Con una historia real plagada de juicios y apelaciones, era difícil sin embargo que J’accuse –aun evitando el proceso inicial- pudiera abstraerse de caer en el consabido drama legal, que a grandes rasgos ocupa una parte importante de la segunda mitad del film. Es allí cuando la investigación policial se vuelve intriga palaciega y donde el sólido clasicismo inicial -que remite al modelo de novela decimonónica que Polanski tan bien supo traducir en su versión de Tess (1979)- se vuelve un poco demasiado académico.
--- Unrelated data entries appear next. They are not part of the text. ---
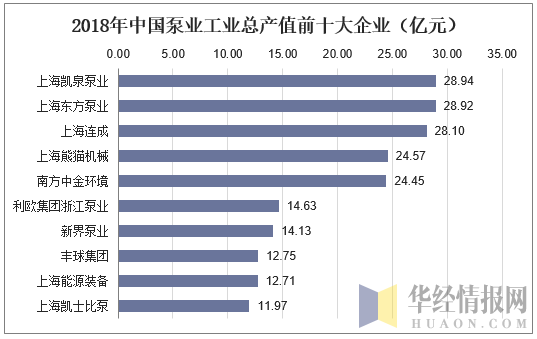 2019年中国泵行业产值现状及市场格局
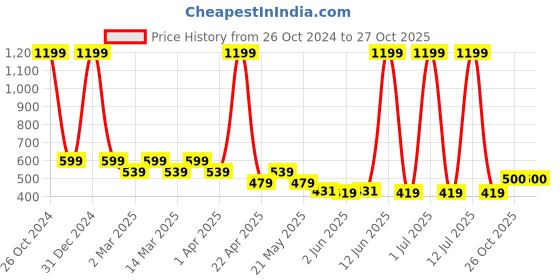 myntra.com Sethukrishna Boys Solid Dhoti Pants sethukrishna Price History Graph from 26 Oct 2024 to 26 Oct 2025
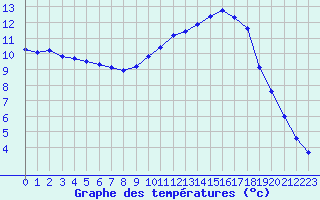 Courbe de tempratures pour Puissalicon (34)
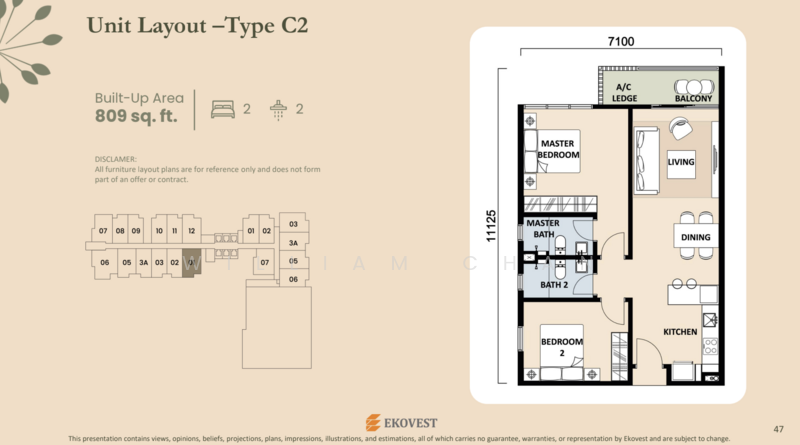 Service Residence for Sale at EkoTitiwangsa - William Chan - PropertyGuru.com.my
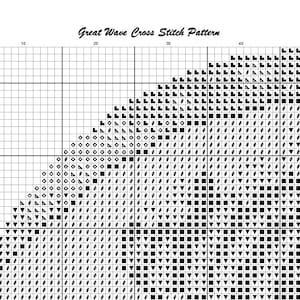 May include: Black and white cross stitch pattern of the Great Wave off Kanagawa, a famous Japanese woodblock print by Hokusai. The pattern is on a grid with numbers along the top and side.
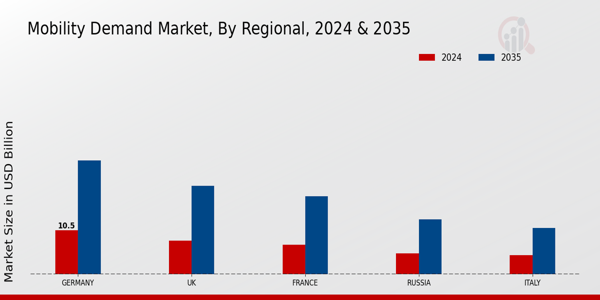 Europe Mobility Demand Market Region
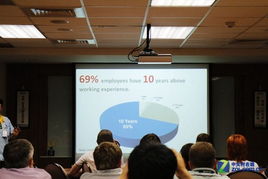 主板制造全过程揭秘 探访技嘉南平工厂与南平人才之光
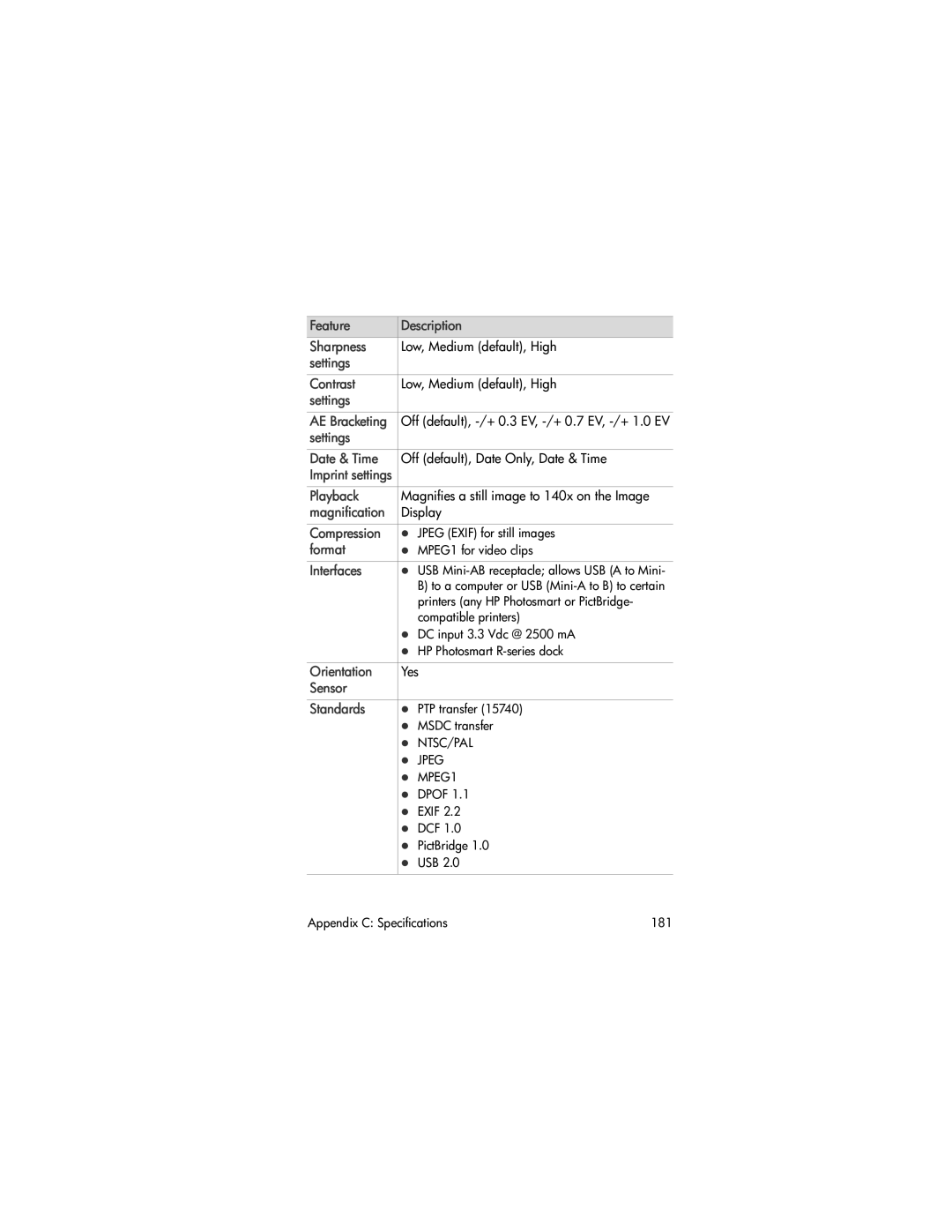 HP R707 manual Feature Description Sharpness, Settings Contrast, Settings Date & Time, Magnification, Format, Interfaces 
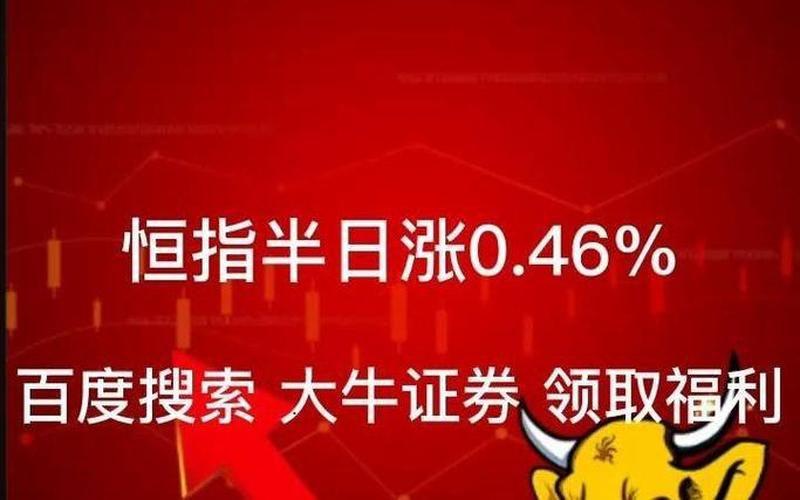 怎么股票配资上大牛证券(大牛配资怎么样)-第1张图片-树涛168配资网_配资炒股平台及公司_股票配资门户网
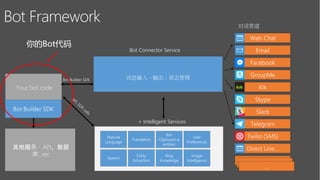 Your bot code
Entity
Extraction
Speech
Bot
Clipboard w
entities
Natural
Language
Translation
+ Intelligent Services
Bing
Knowledge
User
Preferences
Image
Intelligence
…
讯息输入、输出；状态管理
Bot Connector Service
对话管道
……
…
其他服务、API、数据
库…etc
Bot Builder SDK
Web Chat
Direct Line…
Email
Facebook
GroupMe
Kik
Skype
Slack
Telegram
Twilio (SMS)
Bot Framework
Bot Builder SDK
你的Bot代码
 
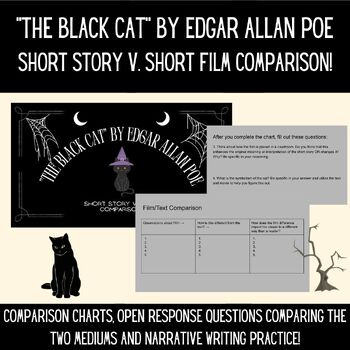 Preview of "The Black Cat" by Edgar Allan Poe Short Film v. Short Story Comparison!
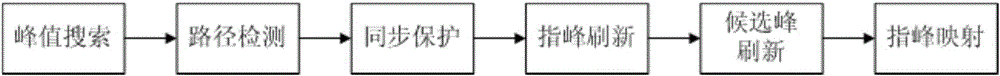 Self-adaptive multipath management method of CDMA system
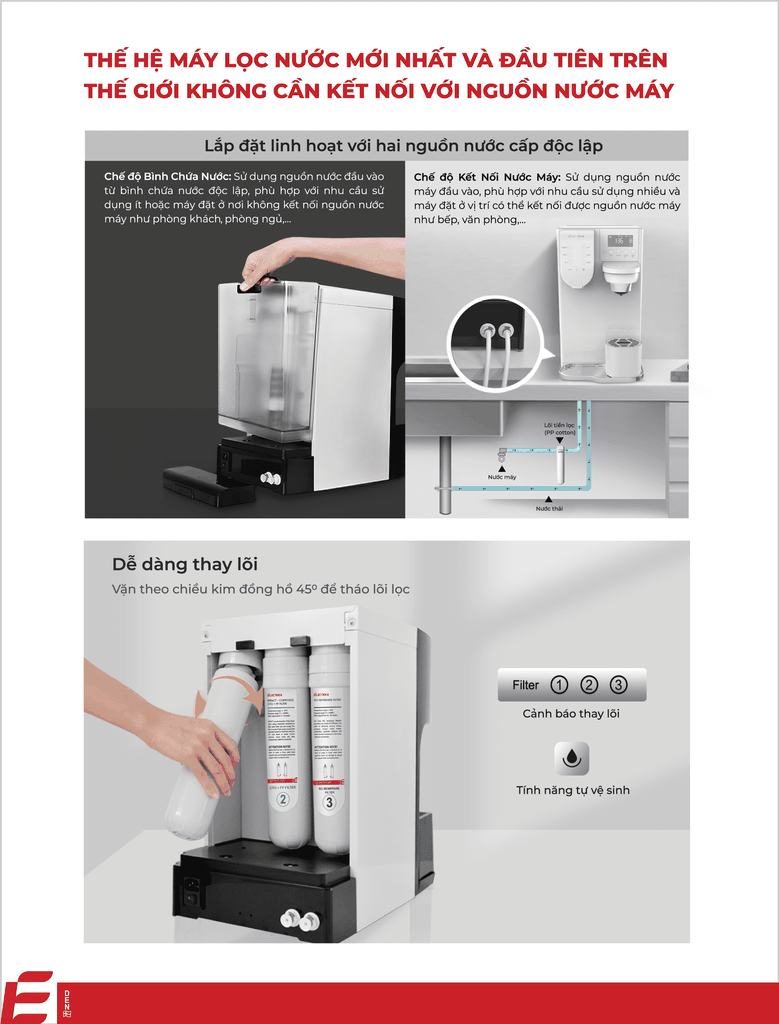 Máy lọc nước RO Electeka E8B để bàn với 2 chế độ lắp đặt nguồn nước đầu vào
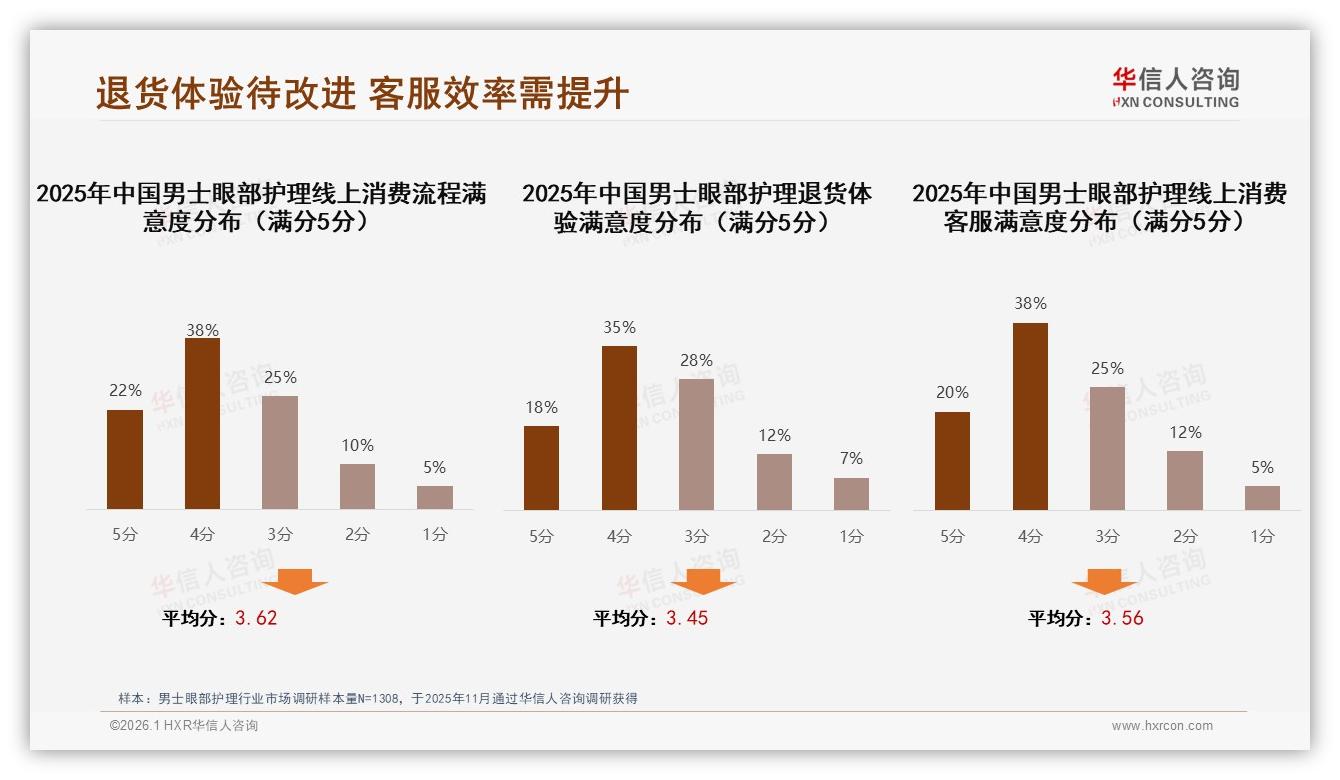 男士眼部护理智能推荐25%需求，华信人咨询报告呼吁AI客服升级——华信人咨询趋势雷达报告-2026年1月-男士眼部护理-38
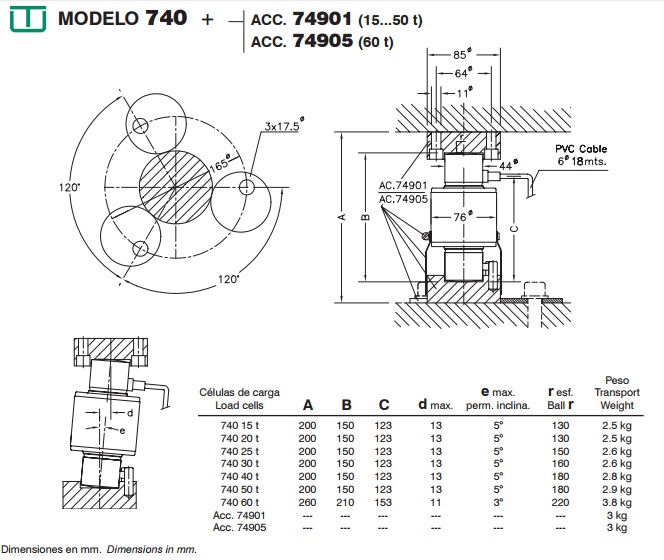 images/upload/loadcell-utilcell-740_1489838730.jpg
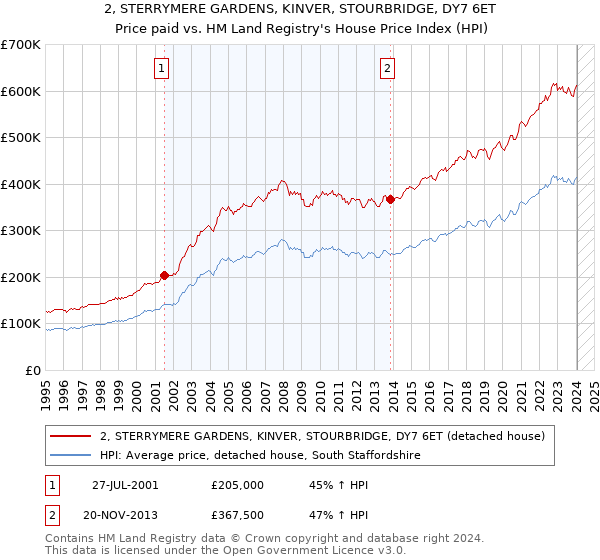 2, STERRYMERE GARDENS, KINVER, STOURBRIDGE, DY7 6ET: Price paid vs HM Land Registry's House Price Index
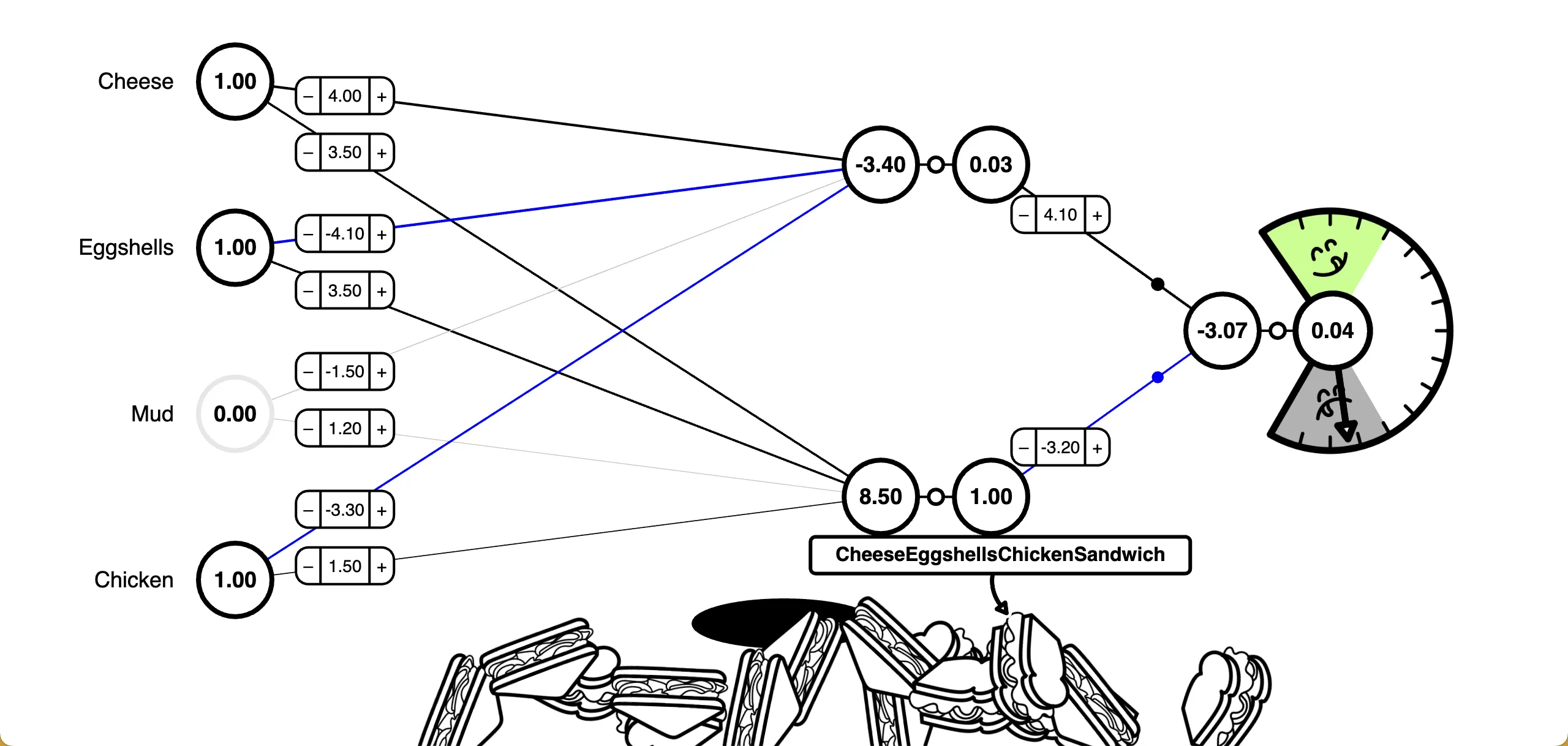 A screenshot of the SandwichNet application.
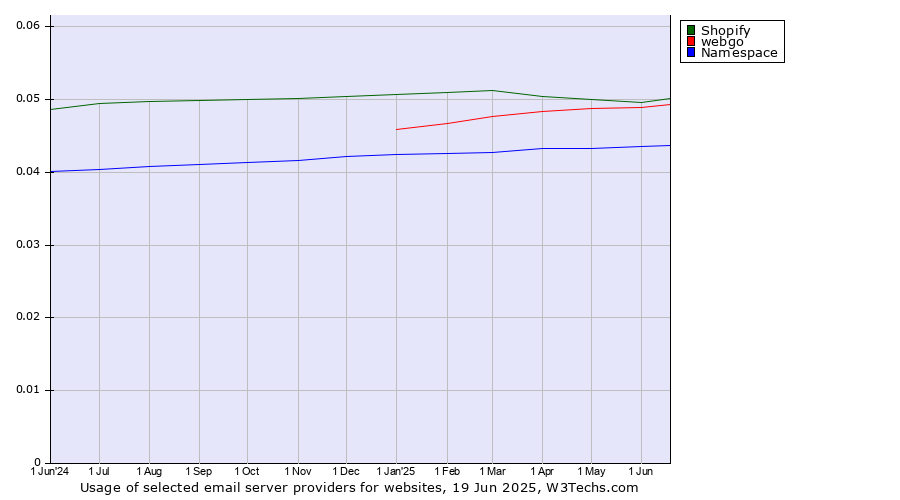 Historical trends in the usage of Shopify vs. webgo vs. Namespace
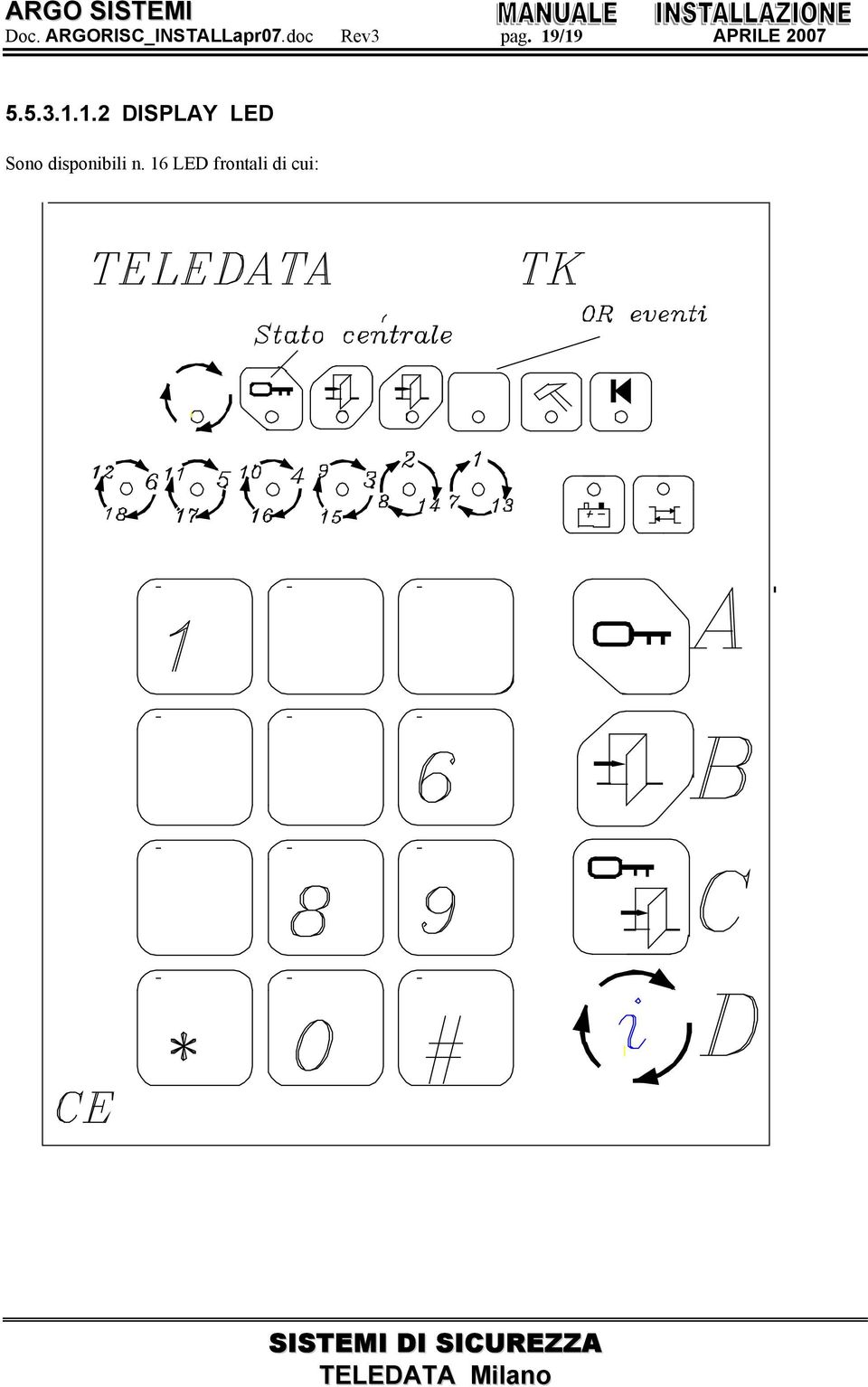 19/19 APRILE 2007 5.5.3.1.1.2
Esto sucede, en parte, por los subrayados excesivos de la música de Alexandre Desplat y otro tanto por el despliegue de histrionismo de un elenco impecable, pero que asimismo carga con el peso de contar con ocho miembros “de la Comédie-Française”, como figuran mencionados en los créditos, a la manera del viejo “cinéma de qualité” francés que Polanski siempre defendió frente a la irrupción parricida de la “nouvelle vague”.

En cuanto a la supuesta identificación del autor con su agonista Dreyfus, y su consiguiente victimización, no hay nada en J’accuse que pueda dar pie a esa interpretación, salvo quizás un difuso cuestionamiento a la opinión pública, que suele condenar antes de que lo haga la propia justicia, y que incluso la condiciona. Sí hay, en cambio, una clara vinculación de J’accuse con la obra previa de Polanski y está en la creciente paranoia que se va apoderando del coronel Picquart. Y en el hecho de que –como sucedía con las y los protagonistas de El bebé de Rosemary, Chinatown, Búsqueda frenética o El escritor oculto- los paranoicos suelen tener razón. Las conspiraciones existen.